***** SUPPLIED MATERIAL *****
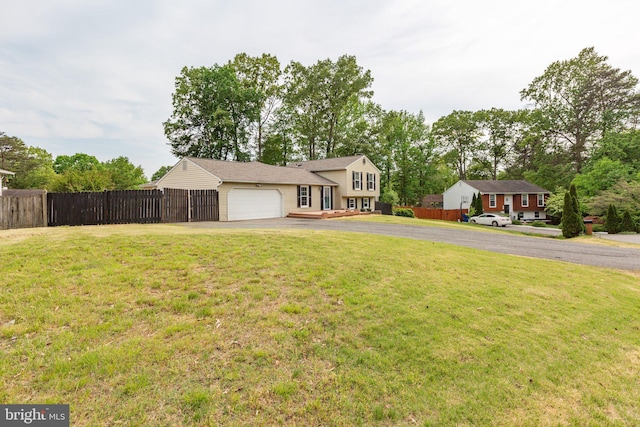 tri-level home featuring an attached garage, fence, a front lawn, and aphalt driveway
*****
***** SUPPLIED MATERIAL *****
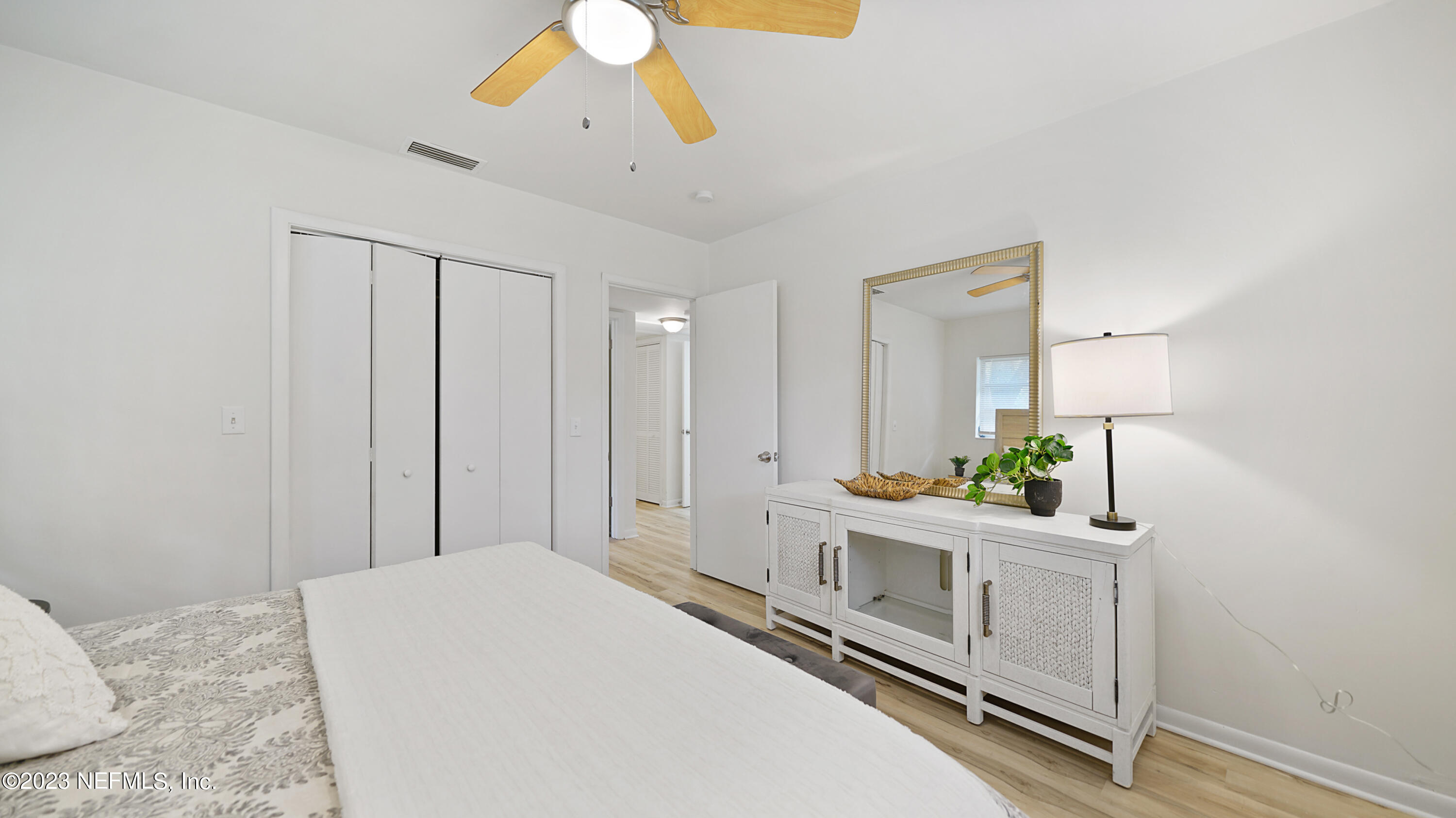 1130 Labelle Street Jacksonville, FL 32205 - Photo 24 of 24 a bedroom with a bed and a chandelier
*****
***** SUPPLIED MATERIAL *****
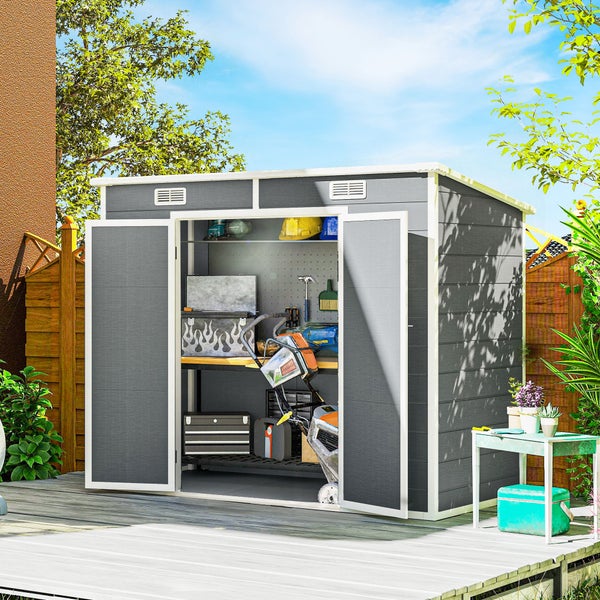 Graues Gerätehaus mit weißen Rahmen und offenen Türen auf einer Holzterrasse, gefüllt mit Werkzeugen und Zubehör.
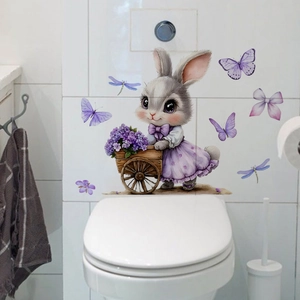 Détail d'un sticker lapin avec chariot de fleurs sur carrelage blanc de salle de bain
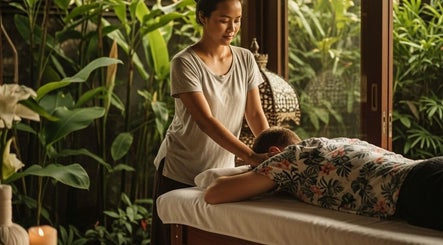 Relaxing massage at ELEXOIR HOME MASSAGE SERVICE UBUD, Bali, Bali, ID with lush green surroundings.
*****
TASK DETAILS
Print an exact copy of the lines above, from the one containing "Détail d'un sticker" through the one containing "Relaxing massage at", and leave out the pictures.

RESULT
 Détail d'un sticker lapin avec chariot de fleurs sur carrelage blanc de salle de bain
 Relaxing massage at ELEXOIR HOME MASSAGE SERVICE UBUD, Bali, Bali, ID with lush green surroundings.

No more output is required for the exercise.